Tech session at USD trains school officials Nearly 90 superintendents and principals from South Dakota took part in an academy at The University of South Dakota aimed at giving them the information on technology needed to run a school or school district.
The Technology for Teaching and Learning Academy for School Administrators (TTLSA) held its first session in June. The second session ran from July 23 through Aug. 2. Administrators from across the state participated in classes, discussions, and listened to lectures on the latest technology uses in education at sessions held at USD and Vermillion High School.
The TTLSA program is funded as part of the Gates Foundation Grant awarded to the South Dakota Office of Technology. With the grant money, the Office of Technology has created a series of technology programs similar to the TTLSA program for educators in the state.
Judy Vondruska, co-director of the Gates Foundation Grant at the South Dakota Office of Technology, said the state is equipped with the necessary facilities for administrators; they just need the opportunity to learn how to use them.
"We are one of the only states in the country that is completely wired, so all our schools have access to the Internet. What this does is enhance the education experience in our schools and our administrators need to understand how it works and what its place is in the overall educational picture," she said.
In addition to computer and software classes, administrators also used handheld computers. Administrators learned how to incorporate the handheld technology into classes and into their own work lifestyle.
Michael Hoadley, director of the USD program, said the goal of the program is to improve the education opportunities of students through the administrators.
"The bottom line is that the students have to benefit, but it does start with the leadership of the administration. This academy is a good opportunity for them to get hands-on experience, to talk to each other about what they're doing, and to hear keynote sessions from people across the state about what's going on. Hopefully, when they leave they have a little better perspective," he said.
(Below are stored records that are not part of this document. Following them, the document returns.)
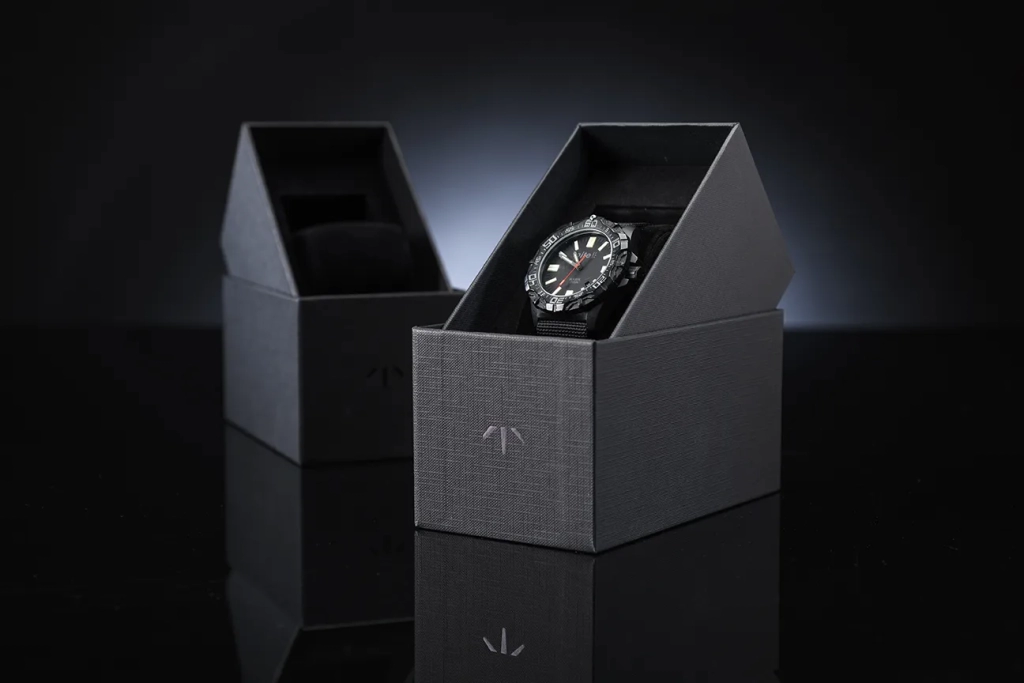 Nite watch box product packaging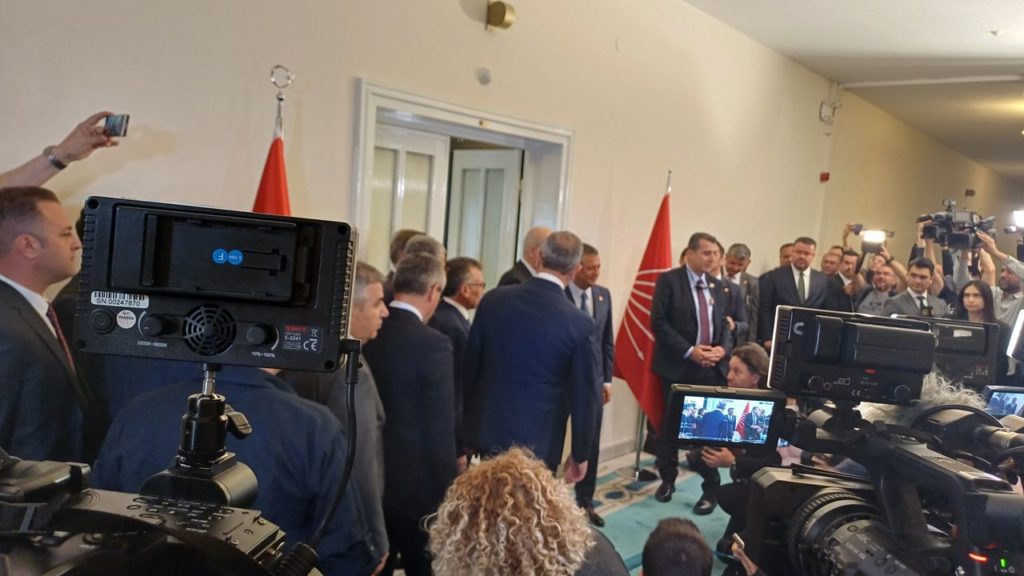 Kurtulmuş ve CHP Heyeti Arasında Ziyaret Gerçekleşti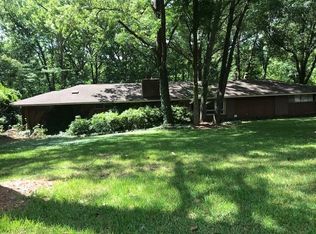 2555 Eastover Dr, Jackson, MS 39211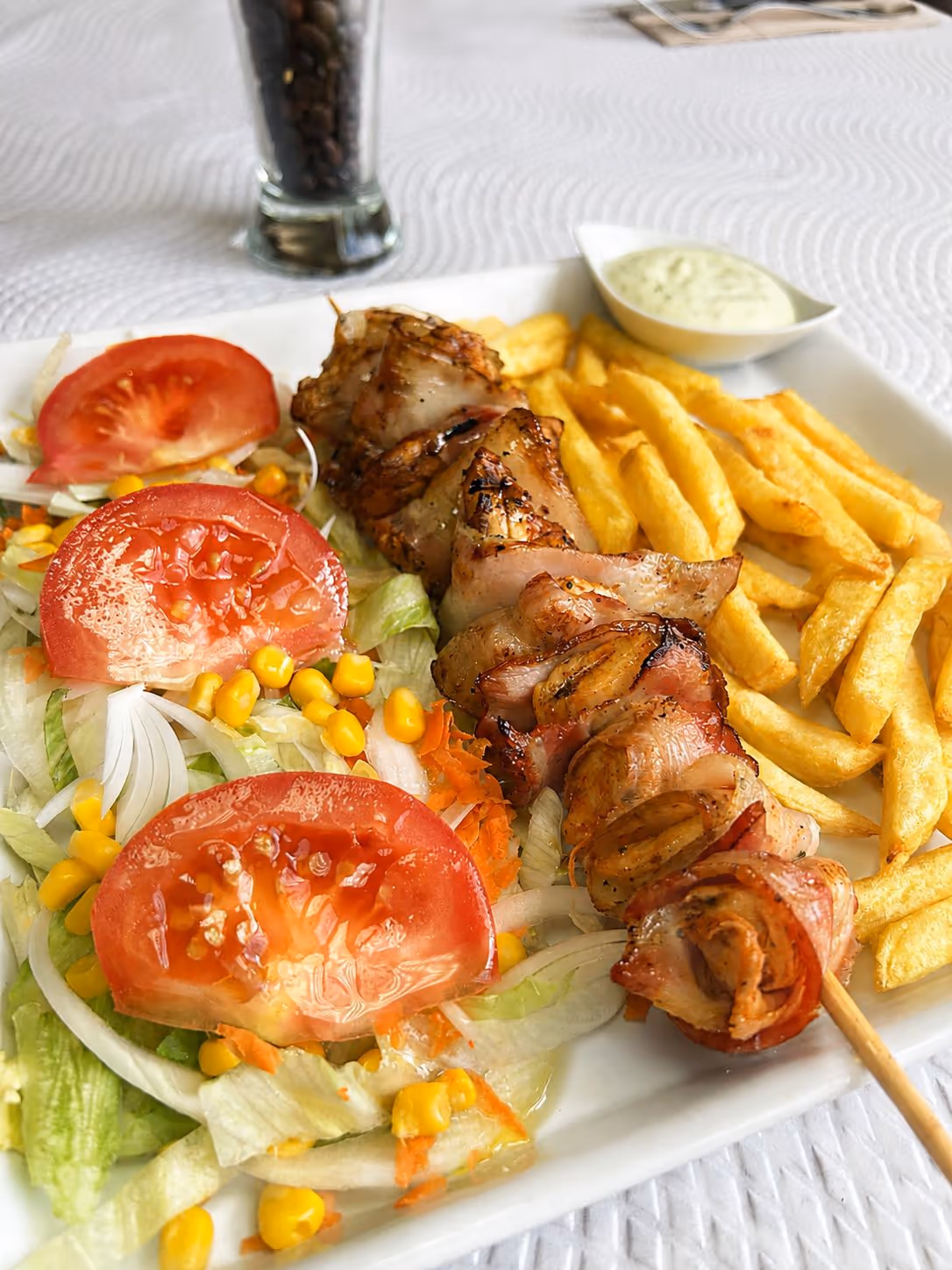 Brocheta de pollo con bacon — Restaurante Don Quijote Estremera, Estremera (Madrid)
Although most schools have people in charge of technology, Hoadley said administrators have to be able to understand the technical language.
"They have technology directors, teachers and even students that know a lot about technology, but it's important from the leadership standpoint that they have the big picture and see how the pieces fit together. I think a lot of it is they want to be informed so they can talk with the technology director or network administrator in the same language. They don't have to be a technology guru, but they do need to understand how the technology works," he said.
Both Ron Flynn, Wakonda School District, and Doug Tuetken, Vermillion School District, attended the sessions.